You have a point. Another goal is to herd them all into the metropolitan areas where they can be more easily controlled, divested of their firearms, and access even more government services that hook them on dependency.
With generational poverty, it's hard to discern what is the chicken and what is the egg.
In the Native American areas in the west (I'm most familiar with the Cherokee in OK), there are generations of drug and alcohol dependency, broken families, illiteracy/lack of education, and domestic abuse.)
Naturally, these folks are very poor. Smart high school kids are heavily courted and fought over by colleges and universities. They'd have a free ride to about any institution of higher learning they would choose. But only a few are able to break the ties that bind them to that area, even though the opportunities for upward mobility are there.
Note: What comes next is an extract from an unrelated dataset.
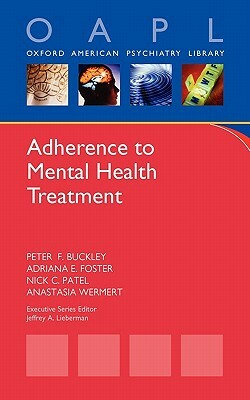 Adherence to Mental Health Treatment by Adriana E. Foster, Nick C. Patel, Peter F. Buckley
Having moved to Appalachia I am glad for the opportunities for downward mobility that it gives me. For example, I can go sit on my friends porch in town, drink a beer and talk about things that matter.
The casinos near here are bringing in lots of money. Our local one over the line in OK hires ONLY people of Cherokee linage, so they say.
http://500nations.com/Oklahoma_Casinos_Tribes.asp
Many years ago back in the early 1960s I was at a junk store and found a book on Tibet, with photos of how the people dressed. Very shabby. The owner of the store said he had often seen people from the area come in his store dressed like that, in rags.
That was before Walmart began to bring money into the area as Waltons was still just a mom and pop dime store on the square.